Having located the line with "Kia Tasman 2.5T Benzin 4WD Adventure", print it and each remaining line exactly, stopping at the end of the material and omitting pictures.
··· Given information ···
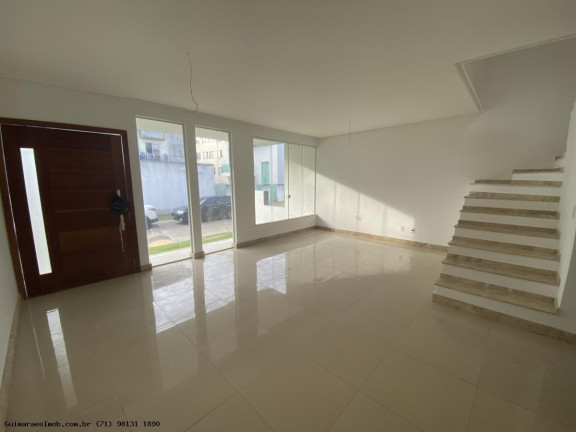 Imagem Casa com 4 Quartos à Venda, 180 m² em Recreio Ipitanga - Lauro De Freitas Imagem Casa com 4 Quartos à Venda, 180 m² em Recreio Ipitanga - Lauro De Freitas
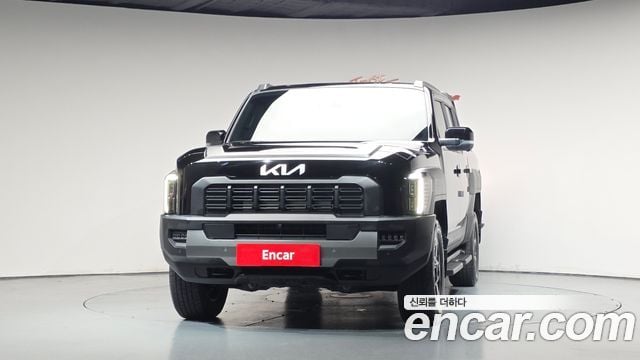 Kia Tasman 2.5T Benzin 4WD Adventure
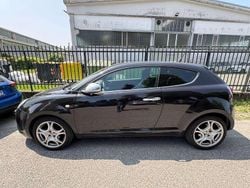 Nero Usata 2012 Alfa Romeo MiTo Distinctive Due volumi | 5500 € (Buon prezzo)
···
## The completed task
 Kia Tasman 2.5T Benzin 4WD Adventure
 Nero Usata 2012 Alfa Romeo MiTo Distinctive Due volumi | 5500 € (Buon prezzo)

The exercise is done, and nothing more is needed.